When you hear “20/200” and “rule out Multiple Sclerosis” and “optic nerve stroke” and MRI’s and tests and tests, you begin to realize you took your vision for granted. You get a bit scared but the real scare didn’t come until week 2. Oh…the MRI’s and waiting for test results are all scary. We have all been there before. Afraid of tests. Afraid of test results. Afraid of waiting for the unknown to be known. I thought that was fear enough. But just in case I was getting cocky about not having MS and great test results, I got one more eye opening experience a couple of weeks ago.
While sitting at my desk early one morning a few weeks ago before school even started, my right eye got gunky and cloudy. And then I could not see anything. For about three minutes I could not see out of either eye. I didn’t know what to do. I couldn’t go check in the mirror; I couldn’t walk anywhere or even use my phone to call anyone. I was frozen. I knew my right eye would clear because it has happened before. It was sinus/allergy stuff. But it cemented in my mind the thoughts of the past few weeks about the precious gift of sight.
And whenever I get things ready for school each year, I will remember how everything took longer this year. How names on cubbies were tricky to line up. (My depth perception is off too.). How the labels themselves are tricky…just to find where they are on the sheet to peel them off. How writing names on those little lines in a grade book or attendance chart can be more challenging than the year before. How preparing gratitude journals for 45 staff people became a constant remember as I wrote the word “gratitude” on each one. How making journal pencils for 45 staff people should have taken me an hour and not 3 hours. Tying a ribbon in a knot can be tricky when it is small…it becomes frustrating when you can’t see the whole ribbon.

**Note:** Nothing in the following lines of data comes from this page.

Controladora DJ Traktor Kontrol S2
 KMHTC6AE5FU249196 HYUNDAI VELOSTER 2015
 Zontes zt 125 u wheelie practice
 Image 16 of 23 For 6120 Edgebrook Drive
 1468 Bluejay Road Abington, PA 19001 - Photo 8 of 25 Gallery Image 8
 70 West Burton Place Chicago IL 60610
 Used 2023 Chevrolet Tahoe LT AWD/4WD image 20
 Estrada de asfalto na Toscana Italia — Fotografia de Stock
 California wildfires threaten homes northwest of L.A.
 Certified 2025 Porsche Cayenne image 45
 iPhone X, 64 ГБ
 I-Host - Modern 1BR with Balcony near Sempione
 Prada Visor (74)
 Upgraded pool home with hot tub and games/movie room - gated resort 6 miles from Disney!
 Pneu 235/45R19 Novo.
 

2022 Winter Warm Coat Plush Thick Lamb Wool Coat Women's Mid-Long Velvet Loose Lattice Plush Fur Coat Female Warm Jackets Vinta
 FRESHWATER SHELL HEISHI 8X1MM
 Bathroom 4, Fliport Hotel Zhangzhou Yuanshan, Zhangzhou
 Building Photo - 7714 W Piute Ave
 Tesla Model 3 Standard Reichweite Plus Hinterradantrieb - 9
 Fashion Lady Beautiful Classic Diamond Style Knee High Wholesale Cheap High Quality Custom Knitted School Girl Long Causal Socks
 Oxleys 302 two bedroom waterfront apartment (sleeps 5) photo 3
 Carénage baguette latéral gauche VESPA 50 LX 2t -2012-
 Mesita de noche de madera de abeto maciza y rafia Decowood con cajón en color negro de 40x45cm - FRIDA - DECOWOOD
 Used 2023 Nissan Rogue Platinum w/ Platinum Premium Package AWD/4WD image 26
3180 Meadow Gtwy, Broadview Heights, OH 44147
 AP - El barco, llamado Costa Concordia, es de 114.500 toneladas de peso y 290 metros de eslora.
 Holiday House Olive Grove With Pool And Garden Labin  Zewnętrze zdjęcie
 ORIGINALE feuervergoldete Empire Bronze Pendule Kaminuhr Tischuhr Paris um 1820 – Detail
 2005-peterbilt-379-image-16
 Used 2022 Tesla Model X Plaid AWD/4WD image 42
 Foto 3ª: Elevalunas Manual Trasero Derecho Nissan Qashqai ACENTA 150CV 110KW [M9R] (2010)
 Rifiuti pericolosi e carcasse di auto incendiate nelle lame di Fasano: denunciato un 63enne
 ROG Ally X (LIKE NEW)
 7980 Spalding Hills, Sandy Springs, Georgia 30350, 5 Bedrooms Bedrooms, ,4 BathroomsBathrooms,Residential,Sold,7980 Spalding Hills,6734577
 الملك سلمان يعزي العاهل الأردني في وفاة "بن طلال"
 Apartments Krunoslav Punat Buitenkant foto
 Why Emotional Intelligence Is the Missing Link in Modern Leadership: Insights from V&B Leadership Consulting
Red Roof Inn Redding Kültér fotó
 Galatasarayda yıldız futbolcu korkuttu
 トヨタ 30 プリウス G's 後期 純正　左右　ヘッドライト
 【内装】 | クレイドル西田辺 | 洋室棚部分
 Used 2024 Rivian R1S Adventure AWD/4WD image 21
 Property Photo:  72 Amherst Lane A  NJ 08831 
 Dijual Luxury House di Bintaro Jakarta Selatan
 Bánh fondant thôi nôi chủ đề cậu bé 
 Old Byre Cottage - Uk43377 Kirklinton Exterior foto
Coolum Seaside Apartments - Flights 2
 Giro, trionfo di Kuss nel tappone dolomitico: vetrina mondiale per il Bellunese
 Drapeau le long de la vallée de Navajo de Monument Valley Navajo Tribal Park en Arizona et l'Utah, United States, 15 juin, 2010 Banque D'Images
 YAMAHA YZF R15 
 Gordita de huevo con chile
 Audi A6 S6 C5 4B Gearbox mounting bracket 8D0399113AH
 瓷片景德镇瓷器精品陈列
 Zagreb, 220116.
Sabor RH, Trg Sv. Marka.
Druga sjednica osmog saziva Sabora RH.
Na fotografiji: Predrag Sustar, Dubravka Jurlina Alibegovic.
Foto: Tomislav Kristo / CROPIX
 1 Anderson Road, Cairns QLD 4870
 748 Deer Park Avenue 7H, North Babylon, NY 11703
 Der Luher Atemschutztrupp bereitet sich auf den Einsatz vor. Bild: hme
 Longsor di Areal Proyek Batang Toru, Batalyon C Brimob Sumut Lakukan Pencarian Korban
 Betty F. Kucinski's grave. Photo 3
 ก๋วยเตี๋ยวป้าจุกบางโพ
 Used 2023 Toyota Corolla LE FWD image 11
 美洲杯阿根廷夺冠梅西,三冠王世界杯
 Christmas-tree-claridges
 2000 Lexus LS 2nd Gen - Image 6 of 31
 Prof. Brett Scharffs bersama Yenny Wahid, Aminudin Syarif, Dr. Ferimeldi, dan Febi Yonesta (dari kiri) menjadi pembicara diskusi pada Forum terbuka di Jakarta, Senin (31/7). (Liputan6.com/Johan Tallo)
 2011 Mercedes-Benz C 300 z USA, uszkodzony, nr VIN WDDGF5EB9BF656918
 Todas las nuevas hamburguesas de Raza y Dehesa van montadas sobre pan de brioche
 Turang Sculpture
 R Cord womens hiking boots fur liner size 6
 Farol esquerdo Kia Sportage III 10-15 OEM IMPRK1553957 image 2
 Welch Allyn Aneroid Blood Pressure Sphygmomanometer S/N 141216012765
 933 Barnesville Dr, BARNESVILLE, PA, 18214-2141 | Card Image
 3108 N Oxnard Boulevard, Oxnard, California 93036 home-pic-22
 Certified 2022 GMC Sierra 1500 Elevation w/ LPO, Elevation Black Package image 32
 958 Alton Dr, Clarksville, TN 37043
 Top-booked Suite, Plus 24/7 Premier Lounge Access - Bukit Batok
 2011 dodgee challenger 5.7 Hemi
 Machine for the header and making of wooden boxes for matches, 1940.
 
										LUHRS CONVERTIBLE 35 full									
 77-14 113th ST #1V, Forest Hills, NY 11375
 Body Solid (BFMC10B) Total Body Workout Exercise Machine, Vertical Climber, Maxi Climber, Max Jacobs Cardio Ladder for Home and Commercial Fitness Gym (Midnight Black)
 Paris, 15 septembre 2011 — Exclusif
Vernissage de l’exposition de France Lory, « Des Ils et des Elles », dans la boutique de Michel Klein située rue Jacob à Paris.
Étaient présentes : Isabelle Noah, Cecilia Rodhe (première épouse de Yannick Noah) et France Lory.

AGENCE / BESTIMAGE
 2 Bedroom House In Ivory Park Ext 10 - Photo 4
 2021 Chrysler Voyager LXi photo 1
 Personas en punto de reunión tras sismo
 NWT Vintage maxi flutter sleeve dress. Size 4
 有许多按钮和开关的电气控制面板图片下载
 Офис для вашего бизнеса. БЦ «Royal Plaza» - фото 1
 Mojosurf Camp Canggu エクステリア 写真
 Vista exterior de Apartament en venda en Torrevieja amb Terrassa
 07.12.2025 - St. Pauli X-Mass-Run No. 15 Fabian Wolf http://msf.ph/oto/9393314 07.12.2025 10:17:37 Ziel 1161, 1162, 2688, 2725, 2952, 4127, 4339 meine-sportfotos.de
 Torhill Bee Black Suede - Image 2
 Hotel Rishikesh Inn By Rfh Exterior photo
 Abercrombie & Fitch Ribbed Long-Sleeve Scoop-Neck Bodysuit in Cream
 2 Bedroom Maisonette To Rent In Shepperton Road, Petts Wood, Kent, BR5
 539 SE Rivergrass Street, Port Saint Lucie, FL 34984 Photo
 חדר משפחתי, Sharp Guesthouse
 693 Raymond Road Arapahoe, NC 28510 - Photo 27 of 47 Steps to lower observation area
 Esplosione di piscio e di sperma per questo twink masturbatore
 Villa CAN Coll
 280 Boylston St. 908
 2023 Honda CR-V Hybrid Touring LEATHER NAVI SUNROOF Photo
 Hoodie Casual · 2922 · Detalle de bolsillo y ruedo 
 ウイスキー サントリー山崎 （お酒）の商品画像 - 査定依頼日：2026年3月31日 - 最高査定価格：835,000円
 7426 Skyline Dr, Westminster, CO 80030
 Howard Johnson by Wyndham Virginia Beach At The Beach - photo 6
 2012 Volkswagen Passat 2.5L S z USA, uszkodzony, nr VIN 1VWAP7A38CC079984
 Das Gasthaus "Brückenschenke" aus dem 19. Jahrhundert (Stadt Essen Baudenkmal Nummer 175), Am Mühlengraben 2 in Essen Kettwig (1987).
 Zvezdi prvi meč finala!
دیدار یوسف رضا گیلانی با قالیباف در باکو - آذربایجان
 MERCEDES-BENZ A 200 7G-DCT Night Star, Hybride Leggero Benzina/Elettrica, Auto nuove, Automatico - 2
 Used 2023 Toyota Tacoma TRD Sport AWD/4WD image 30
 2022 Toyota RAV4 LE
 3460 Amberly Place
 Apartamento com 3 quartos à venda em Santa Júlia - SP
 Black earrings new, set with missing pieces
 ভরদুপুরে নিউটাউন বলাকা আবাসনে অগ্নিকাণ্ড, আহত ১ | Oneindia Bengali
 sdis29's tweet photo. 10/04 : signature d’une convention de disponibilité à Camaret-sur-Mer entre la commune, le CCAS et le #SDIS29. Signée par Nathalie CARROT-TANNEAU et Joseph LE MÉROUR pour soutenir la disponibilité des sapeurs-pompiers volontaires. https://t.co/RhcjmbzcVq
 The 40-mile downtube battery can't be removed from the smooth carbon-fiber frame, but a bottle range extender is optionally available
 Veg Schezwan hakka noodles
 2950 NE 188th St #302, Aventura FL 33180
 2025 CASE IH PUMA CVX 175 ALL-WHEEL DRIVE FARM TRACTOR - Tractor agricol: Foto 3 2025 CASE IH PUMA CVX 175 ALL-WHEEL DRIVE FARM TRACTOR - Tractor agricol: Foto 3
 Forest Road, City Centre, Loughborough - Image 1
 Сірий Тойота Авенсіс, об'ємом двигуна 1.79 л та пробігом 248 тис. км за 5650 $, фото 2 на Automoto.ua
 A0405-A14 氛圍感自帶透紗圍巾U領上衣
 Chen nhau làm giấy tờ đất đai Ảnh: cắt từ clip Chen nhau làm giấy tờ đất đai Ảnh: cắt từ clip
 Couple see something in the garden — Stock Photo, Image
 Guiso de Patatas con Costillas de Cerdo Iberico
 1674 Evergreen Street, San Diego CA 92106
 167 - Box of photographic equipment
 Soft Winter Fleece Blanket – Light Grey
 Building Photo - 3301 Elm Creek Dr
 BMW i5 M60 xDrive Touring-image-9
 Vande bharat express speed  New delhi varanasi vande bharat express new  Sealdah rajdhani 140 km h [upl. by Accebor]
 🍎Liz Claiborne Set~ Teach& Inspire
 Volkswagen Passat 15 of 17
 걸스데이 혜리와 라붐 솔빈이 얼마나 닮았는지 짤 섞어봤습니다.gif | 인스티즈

So as my left eye slowly heals, as my sight slowly returns, so does my hope of fully healing and my hope of seeing “clearly now”. I will always remember the fear as the doctor scrambled to make notes and order tests. I will remember the emptiness of not being able to see the chart at all. I will remember the panic of both eyes being clouded…for just a few minutes.
I will continue to think of my friends who only have one eye, my friends who have endured greater vision challenges, and my friends who know worse things. I will continue to pray to St. Lucy and be grateful for her intervention. (Thank you, Tim for teaching me about her.) I will continue to take my meds and cover my right eye too many times each day just to check on the healing process of that left eye. I will wait for my recheck in a few weeks and hope that the letter chart does not disappear. I will appreciate any letters that appear. They will be magical letters to me now. Mostly, I will embrace my new appreciate of the amazingly precious gift of sight and I will hope for the day when I honestly say “I can see clearly now.”